Sure, you can get your NoSQL stack up and running on your server. Sure, you can write your own custom code to push and pull your data from the stack. But what if you want to do more? What if you want to buy one of those fancy reporting packages? Or a graphing package? Or to download some open source tools for creating charts?
Sorry, most of the tools are written for SQL databases. If you want to generate reports, create graphs, or do something with all of the data in your NoSQL stack, you'll need to start coding. The standard tools come ready to snarf data from Oracle, Microsoft SQL, MySQL, and Postgres. Your data is in NoSQL? They're working on it.
And they'll be laboring on it for a bit. Even if they jump through all of the hoops to get up and running with one of the NoSQL databases, they'll have to start all over again from the beginning to handle the next system. There are more than 20 different NoSQL choices, all of which sport their own philosophy and their own way of working with the data. It was hard enough for the tool makers to support the idiosyncrasies and inconsistencies in SQL, but it's even more complicated to make the tools work with every NoSQL approach.
This is a problem that will slowly go away. The developers can sense the excitement in NoSQL, and they'll be modifying their tools to work with these systems, but it will take time. Maybe then they'll start on MongoDB, which won't help you because you're running Cassandra.
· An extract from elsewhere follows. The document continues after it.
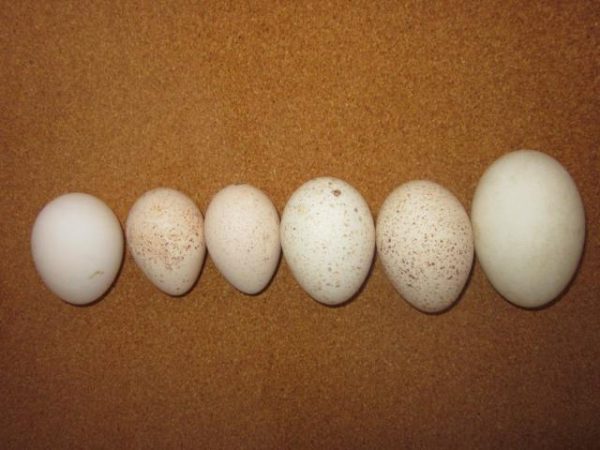 what do turkey eggs look like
Standards help in situations like this, and NoSQL isn't big on standards.
NoSQL shortcomings in a nutshell
All of these NoSQL shortcomings can be reduced to one simple statement: NoSQL tosses away functionality for speed. If you don't need the functionality, you'll be fine, but if you need it in the future, you'll be sorry.
Revolutions are endemic to tech culture. A new group comes along and wonders why the last generation built something so complex, and they set out to tear down the old institutions. After a bit, they begin to realize why all of the old institutions were so complex, and they start implementing the features once again.
We're seeing this in the NoSQL world, as some of the projects start adding back things that look like transactions, schemas, and standards. This is the nature of progress. We tear things down only to build them back again. NoSQL is finished with the first phase of the revolution and now it's time for the second one. The king is dead. Long live the king.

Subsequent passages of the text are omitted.